A man stood in the middle of the street, his arms outstretched and raised to the sky, and his upturned face was a mask of sadness as he lifted his plea to the heavens above. At his feet lay the motionless form of an older man whose blood stained the stones of the road. Behind him stood another man, dressed in a neat, angular, black uniform with cold grey eyes. What few people remained nearby had cast their eyes to the ground and were shuffling off hastily. When the man's arms fell, the uniformed man with the cold eyes took hold of his shoulder, pulling him away. The necromancers would come soon and ascertain what secrets this body could foretell, although doubtless there would be few indeed from such a dubious death. The blood would remain as yet another stain upon the roads of the City Karador.
Thank you
-Fahrion
"A man stood in the middle of the street, his arms outstretched and raised to the sky, and his upturned face was a mask of sadness as he lifted his plea to the heavens above."
"Stood" is a static action that tells rather than shows an active action as it relates to the man. The man is in a still-life pose with no preceding context for why.
"His arms outstretched and raised" the action already happened in the past, before the opening. He's already standing still with his arms raised without the cause of the effect. The dead man at his feet portrayed afterward puts the cause after the effect. Depicting in the moment of an action and chronologically unfolding the action lends immediacy and orients on a focal character's sensations. Orienting on a character's sensations initiates immersion in a story through those personal sensations.

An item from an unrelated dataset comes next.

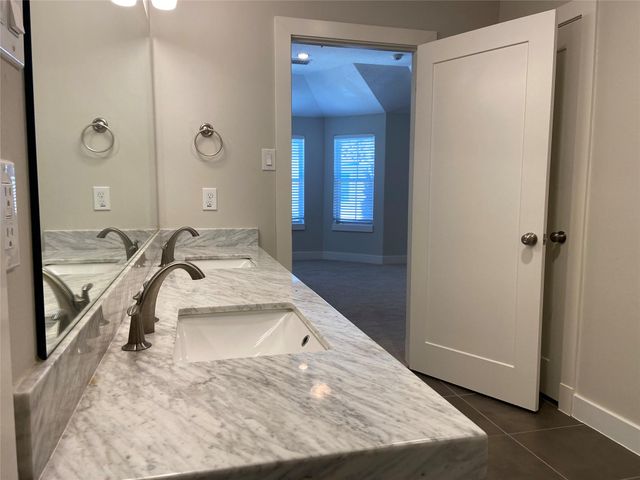 13409 Preston Cliff Court, Houston, TX 77077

"And his upturned face was a mask of sadness as he lifted his plea to the heavens above." A run in clause not directly related to the preceding circumstances in that it's a summary of the man's emotions--rather than an expository description of his static appearance as in the previous clauses--that progresses from an expression that's already on his face before the opening into a concurrent action that's not an action concurrent with the emotional expression or the preceding static actions. "Was a mask" in the past "as he lifted" in the present and "as" signifies a concurrent action.
"As he lifted his plea to the heavens above." A summary of an action that avoids getting into the man's meaning space. An introspective plea, a spoken plea, or a thought sympathic to or condemning the dead man's loss initiates immersion through the pleading man's thoughts.

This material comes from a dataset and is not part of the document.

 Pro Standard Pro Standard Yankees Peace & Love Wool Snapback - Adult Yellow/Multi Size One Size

I'm reasonably sure that this story is in American English. "Grey" is the standard British English variant. "Gray" is the standard variant in American English.
[This message has been edited by extrinsic (edited May 08, 2009).]
Main nit: "Behind him stood another man, dressed in a neat, angular, black uniform with cold grey eyes" - this literally reads that his uniform has eyes. I suspect this was not your intention. And faced with that grammar, I suspect many editors would stop reading right there.
Third-person objective narrative point of view's strength is that it initiates introductions, quickly drops a narrator into the background, and glides into a focal character's point of view as soon as possible. An opening sentence invariably introduces a narrative point of view. But then slips into a character's point of view right away. How to accomplish that with this opening, I don't know. There's too many possibilities I'm projecting from limited information.
The foremost purpose of an opening is introducing a reader to a story. I don't have any grounding on what the story is or an anchoring center upon which to fixate, like a character's predicament, or a conflict (diametrically opposing forces, like life and death, good and evil, acceptance and rejection); an initial antagonism compelling desire and change, and opposing purpose; a causal train of circumstances, a sympathy-induced or suspense-induced initiation of tension, a clash of characters, a collision of circumstances, a secret anxiety, an internal truth, or an intimate feeling, etc. There are hints of possibilities, but not detailed enough for me to suggest what direction to take or method to use.
In fiction, the opening is helped by the tableau, but the elements to move readers forward also include character and a hook. The purpose is to grab you by the collar and put you in the scene with the main character, not to have you view the tableau from behind a see-through mirror.
There are a lot of ways to skin this cat, but the key thing is to conentrate on getting the reader into the story. Who is the main character is it the uniformed grey-eyed fellow, the man pleading or someone else? What's the next action? What's at stake? Will there be an altercation out on the street? What's going to keep me interesting in moving on with the story?
[This message has been edited by Owasm (edited May 08, 2009).]
If it's the man in uniform, what is he thinking? How does this affect him? Is it a mystery he's going to have to solve? Is it an annoyance that's holding him back from something else he needs/wants to do?
If it's someone else, most of the same questions apply.
Instead of showing us the scene as a snapshot, show us how someone, preferably the MC, thinks or feels about the scene. That way we get to start to know who the main character is.